Originally published July 16, 2012 at 11:12 a.m., updated July 16, 2012 at 3:43 p.m.
Aaron Burgin, Watchdog reporter, UT San Diego
Pat Shea, bankruptcy attorney in San Diego.
Last week, San Bernardino became the third California city todeclare bankruptcy, after Stockton and Mammoth Lakes.
"Buckling under rising employee costs, recession-racked revenues and the sudden takeaway of millions of state dollars, officials in the city of San Bernardino said they risked being unable to make payroll and satisfy creditors," U-T San Diego's Aaron Burgin reported after visiting the city.
Bankruptcy attorney Pat Shea told KPBS cities are forced into bankruptcy by "systemic financial problems they are unable to address."
He said either cities have lawsuits "that went badly for them," as in the case of Mammoth Lakes, or “you’ve just improperly managed your financial condition.” He said San Bernardino was in the latter group.

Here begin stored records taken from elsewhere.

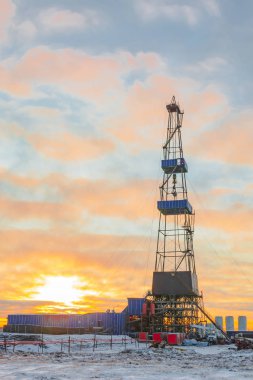 Oil and gas drilling rig in the northern tundra. Winter in the arctic. The sun of the polar day sparkles through the clouds. Backlighting. clipart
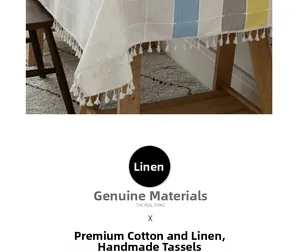 Macro detail of cotton linen tablecloth showing grey stripes and white fringe tassels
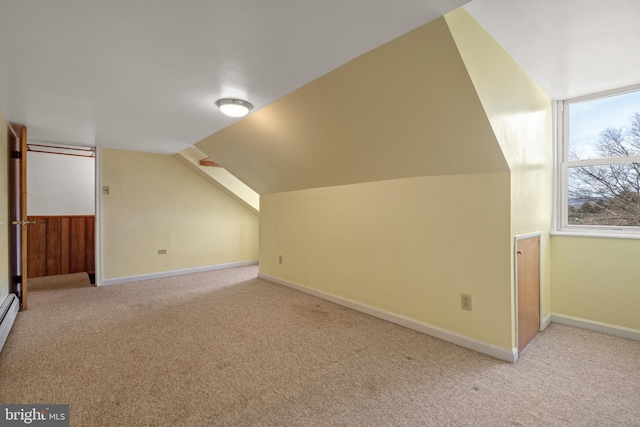 bonus room featuring light carpet, vaulted ceiling, and baseboards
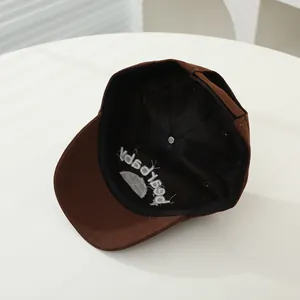 Detail of baby bear baseball cap showing interior sweatband and reinforced stitching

The city had increases in "fixed obligations they’ve added to over the years," he said, including operating expenses and salaries and pensions. Those, combined with flattened or even decreasing revenues coming in, led to its problems.
Shea said a theme among these bankrupt cities is they were unable to deal with problems like labor, debt, infrastructures and pensions.
“If you don’t deal with those things when they come up, early, you will wind up pushing the can down the road until you can’t avoid it any longer, and then you’ll be in bankruptcy,” he said.
“Back in 2005, there was a big debate about whether we had a problem in the first place,” he said.
He said some of the city’s issues have been addressed, while others have not.
San Bernardino faces a $46 million deficit, Burgin reported. It has cut its workforce by 20 percent and negotiated $10 million in employee concessions.